Les banques d’investissement comme Goldman Sachs gagnent beaucoup d’argent en spéculant sur la volatilité. Le problème est que les banques centrales ont étouffé cette volatilité. Blankfein à la fois se plaint de cet état de fait et se réjouit du retour de la volatilité en février.

Tant mieux pour Goldman Sachs. Qui, soit dit en passant, m’a offert une bourse d’études et la possibilité d’un stage.

Le problème ici est que nous autres ne sommes pas Goldman Sachs. Et croyez-moi, il vaut mieux ne pas l’être.

Nous sommes coincés dans l’économie réelle et luttons pour conserver notre argent lors des krachs monétaires.

Imaginons un retour à ce que Blankfein appelle « l’état naturel. » Un état où les marchés sont plus volatils, où la courbe de rendement n’est pas manipulée, où les taux d’intérêt sont plus élevés et où les banquiers centraux n’achètent pas d’actifs risqués. A quoi ressemblerait ce monde ?

La mort des zombies

Selon le Global Financial Stability Report du Fonds monétaire international (FMI), environ 20% des entreprises américaines – ce qui représente 4 000 milliards de dollars d’actifs – sont en risque de faire faillite si les taux d’intérêt sont relevés – la moitié de ces entreprises connaissent déjà des problèmes.

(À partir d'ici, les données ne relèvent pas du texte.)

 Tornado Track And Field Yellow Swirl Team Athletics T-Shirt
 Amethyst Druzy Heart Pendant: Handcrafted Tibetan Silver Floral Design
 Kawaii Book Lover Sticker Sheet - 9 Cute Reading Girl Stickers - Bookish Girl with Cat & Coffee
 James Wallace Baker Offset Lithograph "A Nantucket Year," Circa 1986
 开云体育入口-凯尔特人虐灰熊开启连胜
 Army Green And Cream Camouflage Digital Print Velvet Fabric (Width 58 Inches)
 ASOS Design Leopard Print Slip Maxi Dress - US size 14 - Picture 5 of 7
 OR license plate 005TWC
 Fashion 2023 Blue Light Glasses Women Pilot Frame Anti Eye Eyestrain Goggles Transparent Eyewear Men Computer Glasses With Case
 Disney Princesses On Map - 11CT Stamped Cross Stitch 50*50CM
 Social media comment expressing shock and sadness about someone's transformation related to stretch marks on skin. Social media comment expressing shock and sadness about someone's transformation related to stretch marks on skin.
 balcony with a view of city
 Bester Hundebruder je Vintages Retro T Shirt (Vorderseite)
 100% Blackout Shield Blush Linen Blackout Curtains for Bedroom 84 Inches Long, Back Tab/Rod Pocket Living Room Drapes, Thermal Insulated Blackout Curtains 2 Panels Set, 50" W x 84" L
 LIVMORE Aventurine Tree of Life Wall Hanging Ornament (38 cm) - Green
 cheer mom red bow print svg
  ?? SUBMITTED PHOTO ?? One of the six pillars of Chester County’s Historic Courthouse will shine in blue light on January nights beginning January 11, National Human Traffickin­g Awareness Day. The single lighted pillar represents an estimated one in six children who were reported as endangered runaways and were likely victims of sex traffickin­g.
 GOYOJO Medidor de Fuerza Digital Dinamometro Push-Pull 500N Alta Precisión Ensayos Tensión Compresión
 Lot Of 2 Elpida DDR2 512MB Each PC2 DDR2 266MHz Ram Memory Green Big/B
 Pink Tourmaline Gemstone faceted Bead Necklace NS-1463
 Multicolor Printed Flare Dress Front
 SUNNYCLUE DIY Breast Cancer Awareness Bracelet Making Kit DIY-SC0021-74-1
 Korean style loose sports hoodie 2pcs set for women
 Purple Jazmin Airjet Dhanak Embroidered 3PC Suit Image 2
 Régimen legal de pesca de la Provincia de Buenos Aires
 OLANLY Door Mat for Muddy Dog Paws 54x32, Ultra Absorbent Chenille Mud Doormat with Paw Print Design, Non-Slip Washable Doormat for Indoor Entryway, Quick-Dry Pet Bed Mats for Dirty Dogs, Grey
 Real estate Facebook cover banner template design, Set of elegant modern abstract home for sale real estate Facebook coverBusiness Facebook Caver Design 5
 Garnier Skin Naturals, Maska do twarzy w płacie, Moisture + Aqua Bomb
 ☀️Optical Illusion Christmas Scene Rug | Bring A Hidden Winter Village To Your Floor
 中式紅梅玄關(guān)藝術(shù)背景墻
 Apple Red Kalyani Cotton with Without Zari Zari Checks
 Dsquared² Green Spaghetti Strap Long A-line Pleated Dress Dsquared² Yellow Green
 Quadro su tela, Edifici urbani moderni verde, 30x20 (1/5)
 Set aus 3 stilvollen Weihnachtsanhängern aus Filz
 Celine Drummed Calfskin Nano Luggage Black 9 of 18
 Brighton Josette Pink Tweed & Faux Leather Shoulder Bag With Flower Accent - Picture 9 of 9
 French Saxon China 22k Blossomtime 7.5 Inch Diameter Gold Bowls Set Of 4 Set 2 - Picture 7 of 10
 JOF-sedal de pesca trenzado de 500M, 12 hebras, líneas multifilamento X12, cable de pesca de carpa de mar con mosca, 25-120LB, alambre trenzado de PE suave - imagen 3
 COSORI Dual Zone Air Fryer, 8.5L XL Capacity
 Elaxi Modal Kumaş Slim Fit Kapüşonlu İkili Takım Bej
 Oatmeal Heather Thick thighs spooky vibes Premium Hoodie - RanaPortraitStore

En Europe, ce qu’on appelle les « entreprises zombies » sont maintenues en vie par les banques pour éviter d’avoir à matérialiser leurs pertes. Le problème est que le coût de financement des banques augmentera à mesure que la Banque centrale européenne resserrera sa politique. Rien que les problèmes de créances douteuses de l’Italie sont du même niveau que les défauts liés au crédit subprime aux Etats-Unis.

A quoi ressemblerait le marché boursier japonais si la Banque du Japon n’avait pas racheté les trois quarts des ETF, soit environ 4% du marché ?

Le pire reste la dette souveraine. Si le paiement des intérêts de la dette souveraine était à un niveau « naturel, » les budgets du monde entier seraient déstabilisés.

L’état naturel est simplement intenable. Il ne sera donc pas autorisé. Pourtant…

Combien de temps pourra-t-on éviter le retour à l’état naturel ?

La vraie question est de savoir si le moment où il faudra rendre des comptes peut être indéfiniment repoussé. Une récession pourrait-elle avoir lieu malgré une politique monétaire très relâchée et un assouplissement quantitatif (QE) ?

Si l’on file la métaphore médicamenteuse, alors la question est : le médicament « QE et taux d’intérêt » peut-il devenir inefficace ? Si le patient y est tellement accoutumé et qu’il ne peut plus lutter contre une crise, qu’arrivera-t-il par la suite ?

Le FMI prévoit un ralentissement d’ici deux ans. Tout comme la courbe de rendement américaine. Nous pourrions donc bientôt voir si le QE peut nous sauver encore une fois.

Ce qu’il faut garder à l’esprit ici est que les niveaux de dette ne cessent d’empirer, malgré une croissance décente, des taux d’intérêt faibles et un soutien important.

Le sauvetage par les gouvernements et les banques centrales ont envoyé au monde un signal : la dette ne compte pas puisqu’on empêche d’en arriver au moment où il faudra rendre des comptes. Par conséquent, tout le monde fait ce qui était prévisible : emprunter plus.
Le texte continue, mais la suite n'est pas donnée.